Juiz da Lava Jato em Curitiba é suspeito de furto de champanhe
Na última quarta-feira, 22 de outubro, o juiz federal Eduardo Appio, que já passou pela Lava Jato e tinha uma postura crítica em relação a alguns métodos da operação, se viu no centro de uma polêmica. Ele é investigado por supostamente ter furtado garrafas de champanhe em um supermercado em Blumenau, Santa Catarina. Quando procurado pela imprensa, Appio disse que ainda não tinha informações sobre o caso e que estava buscando entender melhor a situação.
O Tribunal Regional Federal da 4ª Região (TRF-4) confirmou que recebeu uma notificação da Polícia Civil de Santa Catarina sobre o juiz e que tomará as medidas necessárias. Autoridades da polícia revelaram que existem imagens de câmeras de segurança que podem ter registrado o incidente. O TRF-4 ressaltou que a investigação será feita de forma sigilosa. Em casos como esse, o tribunal normalmente inicia um Procedimento Administrativo Disciplinar (PAD) contra o magistrado.

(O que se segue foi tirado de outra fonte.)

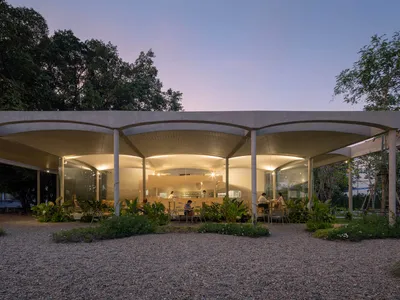 An illuminated restaurant with a modern design, featuring concrete structures and greenery.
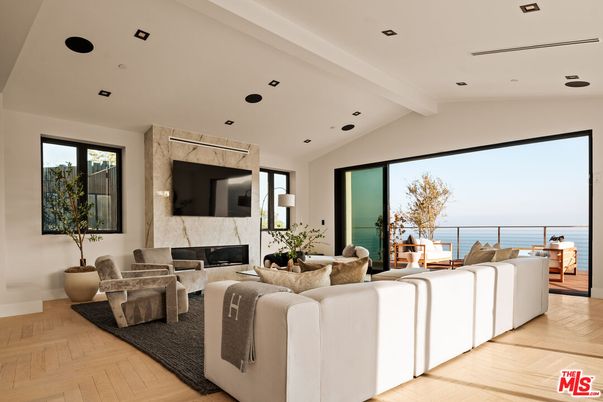 Fireplace, Interior, Living room, Recessed Lighting, Water, Wood Texture Flooring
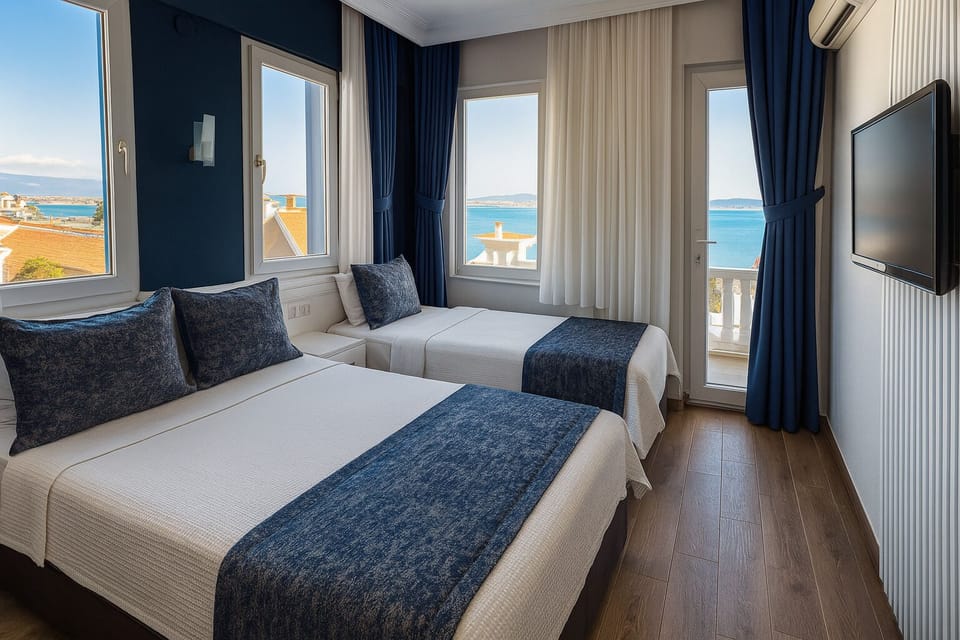 Standard Triple Room, Multiple Beds, Sea View | Premium bedding, minibar, in-room safe, blackout drapes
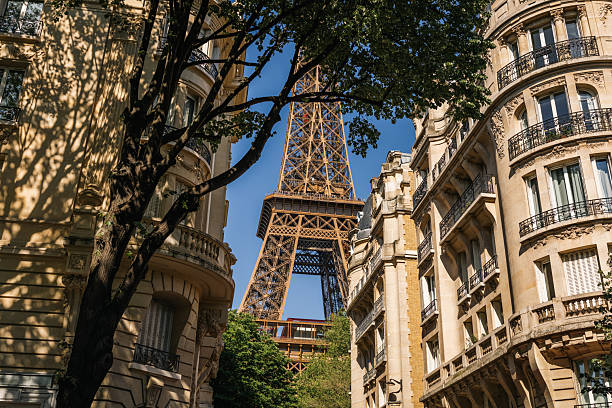 istock Eiffel Tower Peeking Between Classic Parisian Buildings on a Sunny Street 2221092240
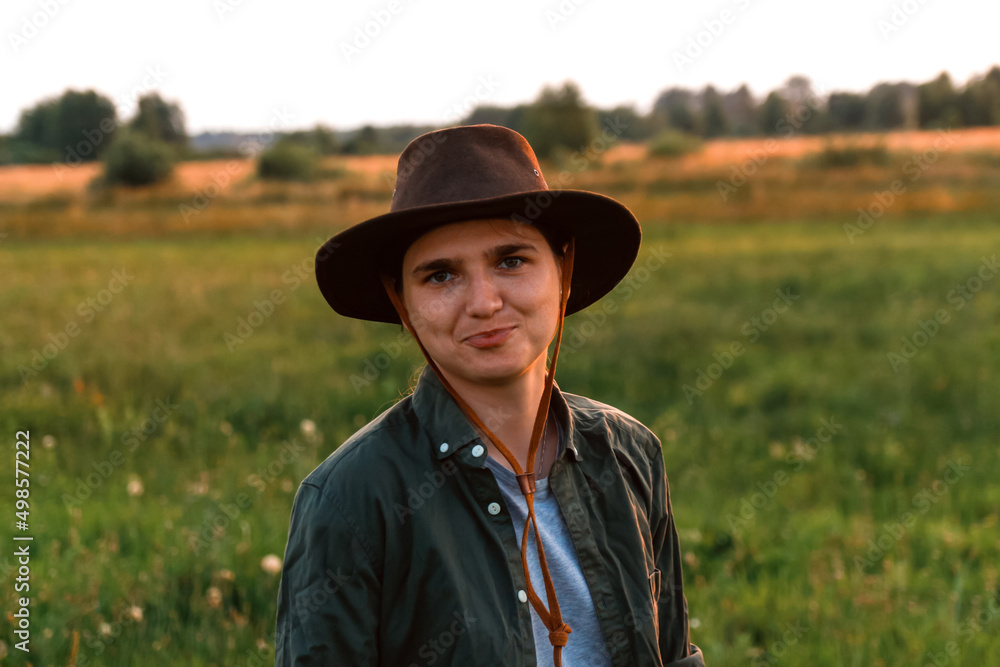 Defocus young woman in cowboy hat. Girl in a cowboy hat in a field. Sunset. Nature background. Closeup portrait caucasian girl. Out of focus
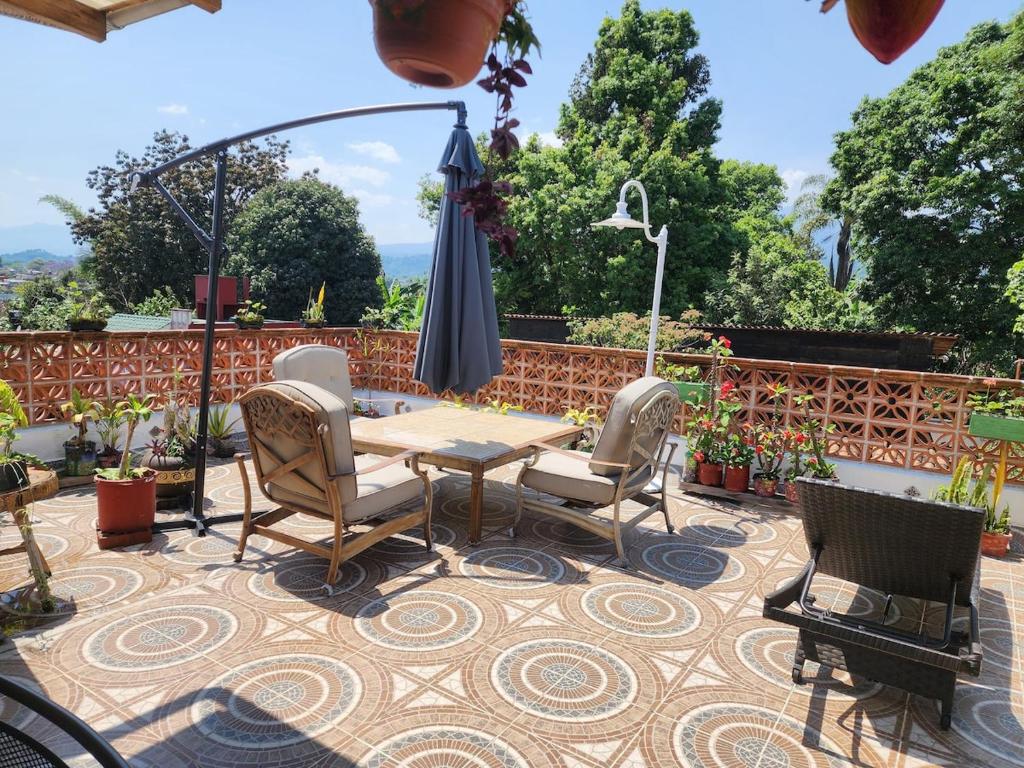 a patio with a table and chairs and an umbrella at Roof Garden 3 in Coatepec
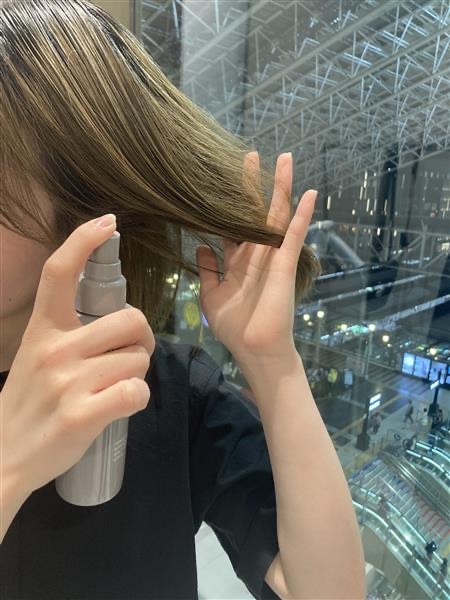 商品を髪にスプレーしている写真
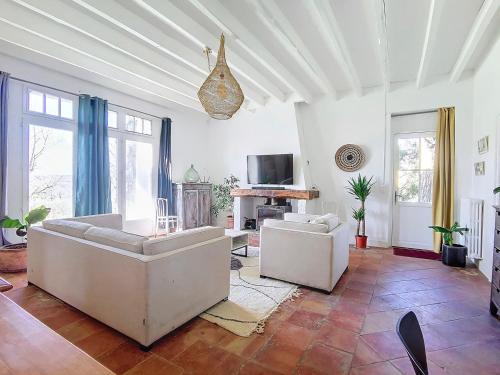 a living room with two white couches and a tv at Le Relais de Fleyres - Gîte Authentique avec Jardin, Parking et Wifi in Toulouse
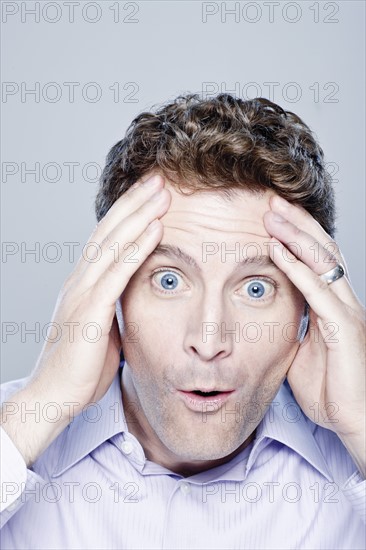 Portrait of surprised mid adult man, studio shot. 
Photo : Rob Lewine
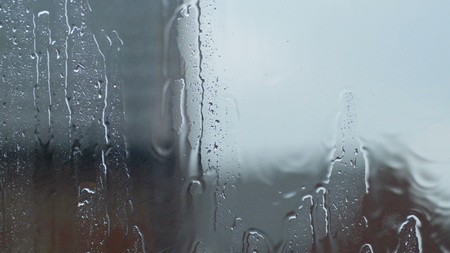 Large rain drops strike open window pane during heavy shower in Englandの写真素材
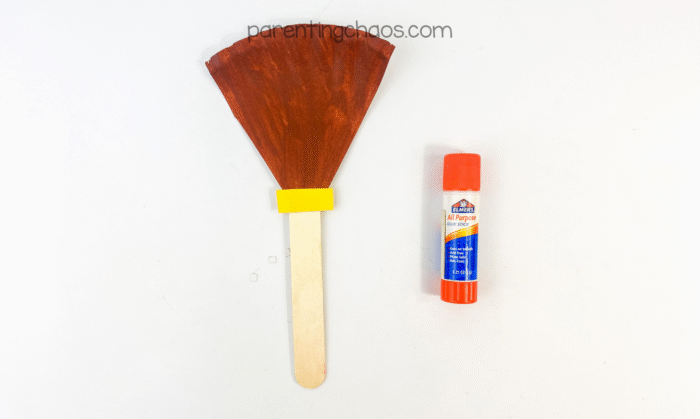 Brown paper plate broom top glued to craft stick with yellow band.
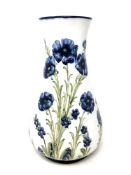 A William Moorcroft Macintyre Florian Ware Poppy Pattern vase, signed to base, height 31cm.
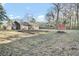 A well-maintained backyard with a storage shed, offering plenty of space for gardening and outdoor enjoyment at 105 Alan Ct, Summerville, SC 29485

Eduardo Appio atuou na 13ª Vara de Curitiba, conhecida como a “Vara da Lava Jato”, entre fevereiro e maio de 2023. Durante sua atuação, ele fez críticas abertas aos métodos utilizados na operação, que começou em 2014, e questionou a postura de figuras como o ex-juiz Sergio Moro e o ex-procurador Deltan Dallagnol. Appio chegou a assinar decisões polêmicas e enfrentou um pedido de suspeição do Ministério Público Federal (MPF), que levantou questões sobre seus laços com lideranças do PT.
Uma das situações que levantou mais questionamentos sobre Appio foi uma ligação que ele fez para o advogado João Eduardo Barreto Malucelli, sócio de Sergio Moro em um escritório de advocacia. Na conversa, Appio se passou por outra pessoa para tentar descobrir se João Eduardo era filho ou sobrinho do desembargador federal Marcelo Malucelli, que na época era relator de processos da Lava Jato. Publicamente, Appio negou ter feito a ligação, mas admitiu durante uma entrevista em setembro de 2024 que estava tentando esclarecer questões de isenção no julgamento de casos que envolviam Rodrigo Tacla Duran, um advogado que era adversário de Moro.
Esse episódio resultou em um processo disciplinar contra Appio na Corregedoria do TRF-4, mas ele conseguiu transferir a análise do caso para o Conselho Nacional de Justiça (CNJ). A situação de Appio continua a ser monitorada, enquanto ele lida com as repercussões de suas ações, tanto na esfera judicial quanto na opinião pública.